|Title||Determinants of financial worry and rumination|
|Author(s)||Bruijn, Ernst Jan de; Antonides, Gerrit|
|Source||Journal of Economic Psychology 76 (2020). - ISSN 0167-4870|
|Publication type||Refereed Article in a scientific journal|
|Keyword(s)||Bi-factor - Determinants - Financial worry and rumination - Mediation - Structural equation modeling|
Significant parts of populations in developed countries frequently worry and ruminate about their finances. Financial worry and rumination can have serious psychological consequences, resulting in lower psychological well-being, mental-health problems, and impaired cognitive functioning.

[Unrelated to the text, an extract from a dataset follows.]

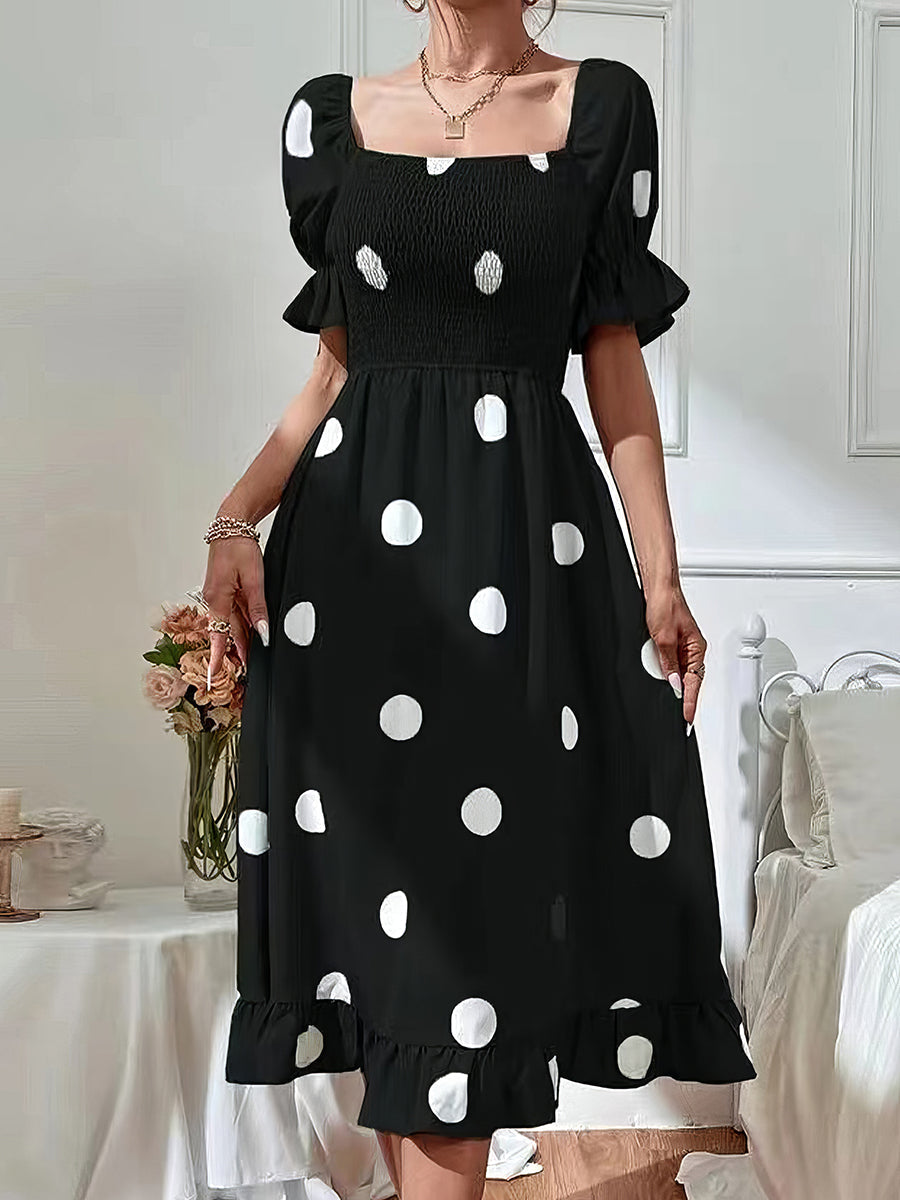 Polka Dot Print Puff Sleeve Frill Midi Dress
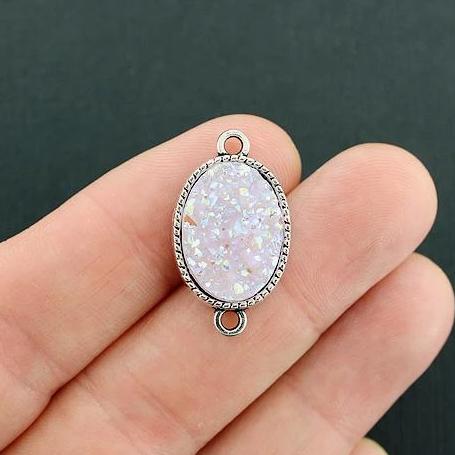 4 Druzy Connector Antique Silver Tone and Resin Cabochon Charms - Z615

The literature lacks studies investigating the socio-demographic antecedents of and the financial processes underlying financial worry and rumination. The purpose of our study was to investigate the socio-demographic and financial antecedents of financial worry and rumination (FWR) and the financial factors mediating these relationships. We collected online self-administered survey data from a sample of the Dutch population (N = 1040). Using confirmatory factor analysis, we found that a bifactor model, including a strong and reliable general factor, provided the best explanation of the structure underlying FWR. We developed a parallel mediation model and investigated its structural relationships using structural equation modeling. After controlling for multiple hypotheses testing, our results show that income, past positive changes in one's finances, and age are negatively related to FWR. We found no support for education level and only weak support for expected changes in one's finances as antecedents. Furthermore, the explained variance in FWR substantially improved after adding the mediators of making ends meet, financial buffer, and perceived debts. Among these mediators, making ends meet played a key role explaining respectively half and two-thirds of the total effects of income and past changes in one's finances on FWR. These results were robust under several specifications and were generalizable to the Dutch population. We discuss the implications of our results for future research and government policy.